#### [Work instruction]
Reproduce every line of the listing as written, apart from the pictures.

#### [Material provided]
========
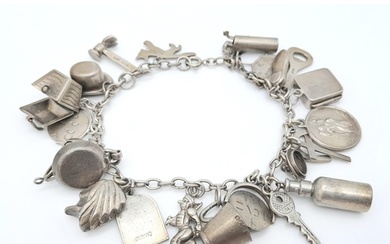 A Sterling Silver Charm Bracelet with 23 Charms. 18cm length...
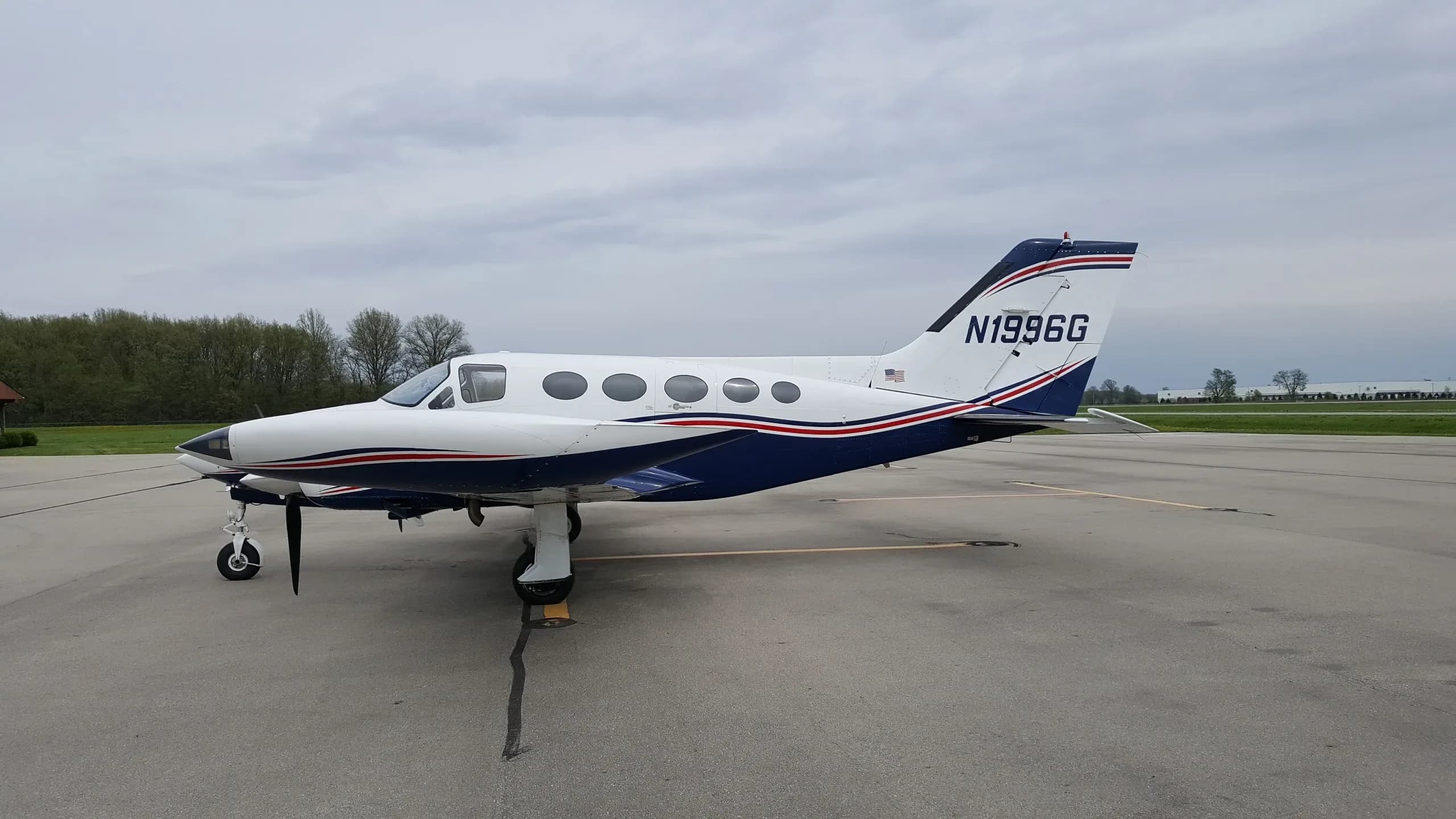 A close-up view of the wing and rear fuselage of a white and blue Cessna 414 Chancellor aircraft (N1996G) with its door open.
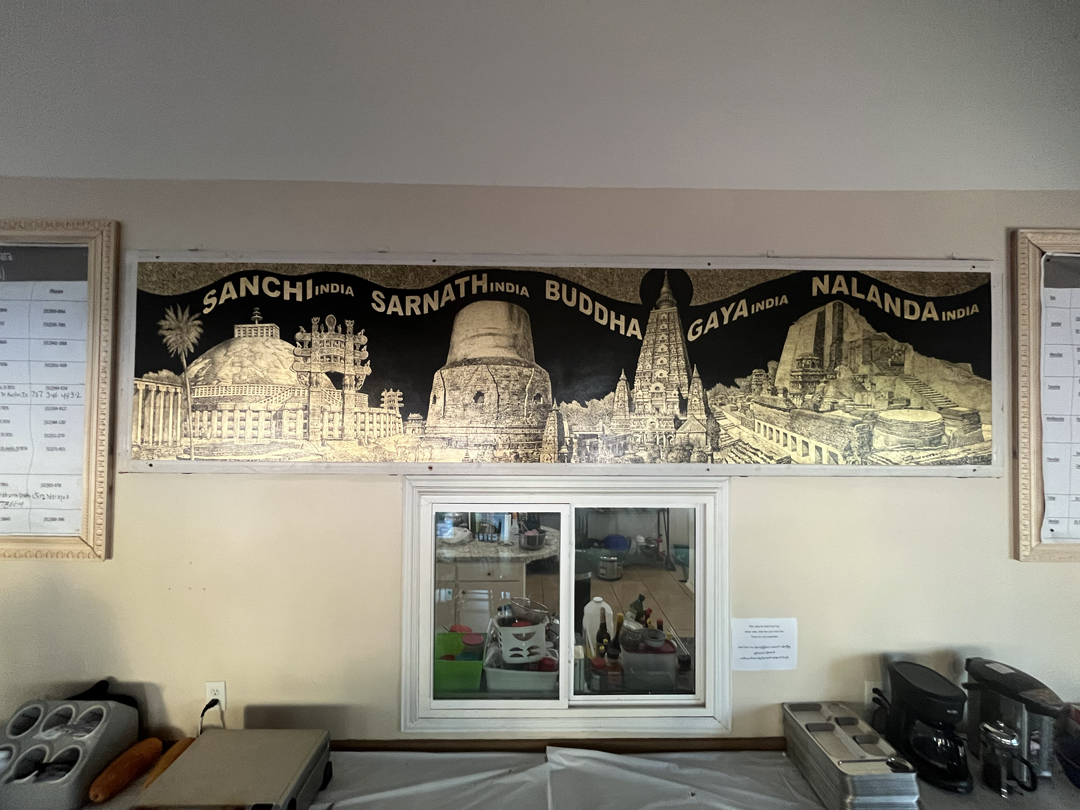 Black and gold painting by Sitt Nyein Aye depicting Indian Buddhist temples, in the dining hall of Sitagu Buddha Vihara in Austin, Texas.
========
#### [Problem solution]
 A Sterling Silver Charm Bracelet with 23 Charms. 18cm length...
 A close-up view of the wing and rear fuselage of a white and blue Cessna 414 Chancellor aircraft (N1996G) with its door open.
 Black and gold painting by Sitt Nyein Aye depicting Indian Buddhist temples, in the dining hall of Sitagu Buddha Vihara in Austin, Texas.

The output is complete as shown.